====== EXERCISE DATA
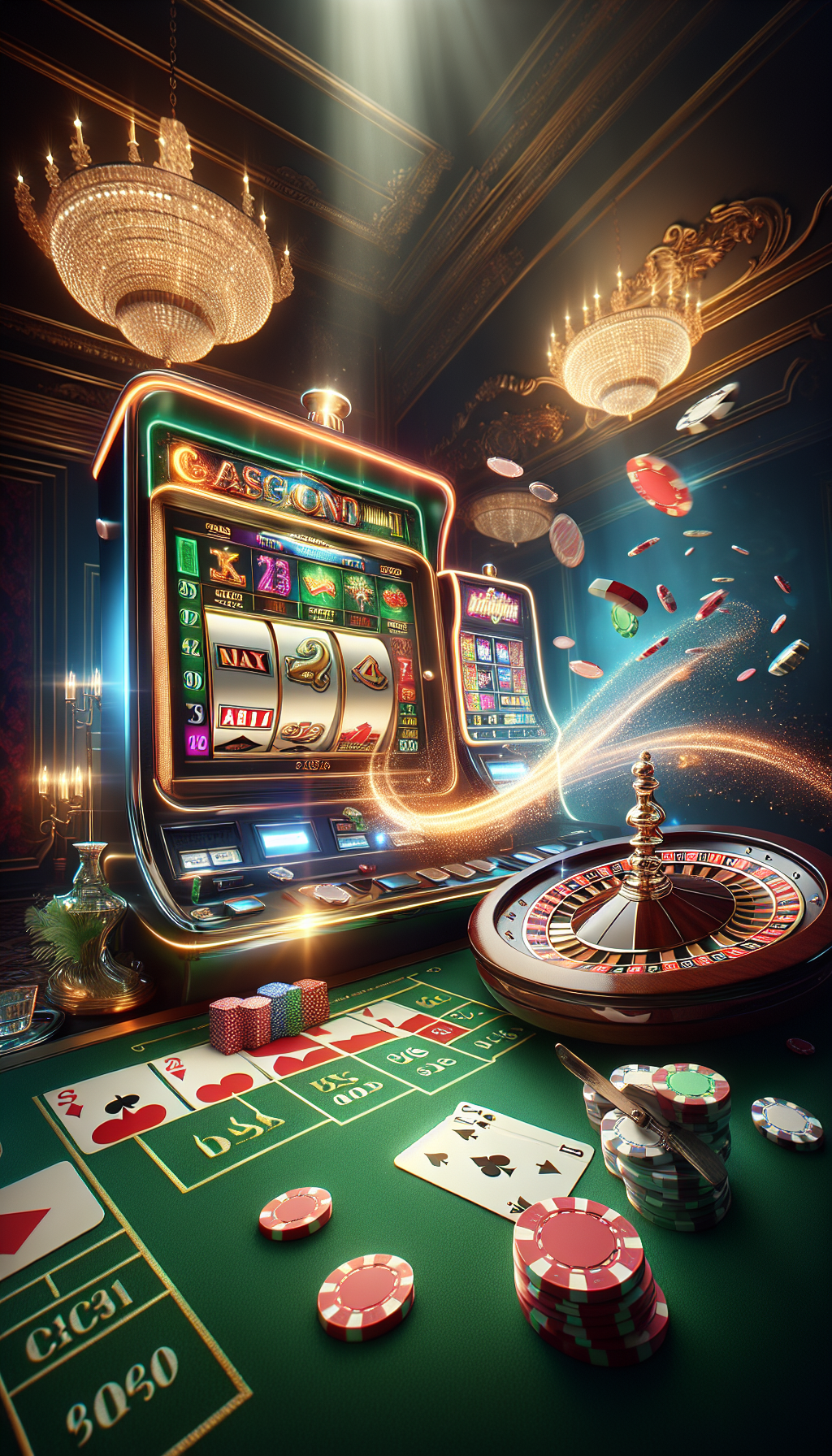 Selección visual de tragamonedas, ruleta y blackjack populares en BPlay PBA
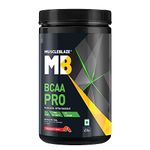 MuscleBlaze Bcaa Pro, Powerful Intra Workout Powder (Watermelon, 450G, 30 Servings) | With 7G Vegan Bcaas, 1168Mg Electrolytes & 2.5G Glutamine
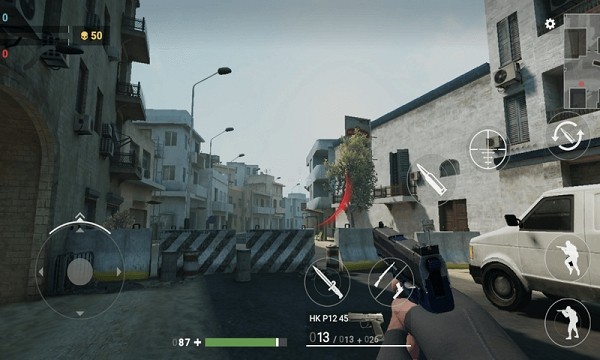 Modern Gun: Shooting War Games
============
• **INSTRUCTIONS FOR THE TASK**
The expected answer is the listing above, duplicated exactly, with its pictures removed.

• **YOUR RESPONSE**
 Selección visual de tragamonedas, ruleta y blackjack populares en BPlay PBA
 MuscleBlaze Bcaa Pro, Powerful Intra Workout Powder (Watermelon, 450G, 30 Servings) | With 7G Vegan Bcaas, 1168Mg Electrolytes & 2.5G Glutamine
 Modern Gun: Shooting War Games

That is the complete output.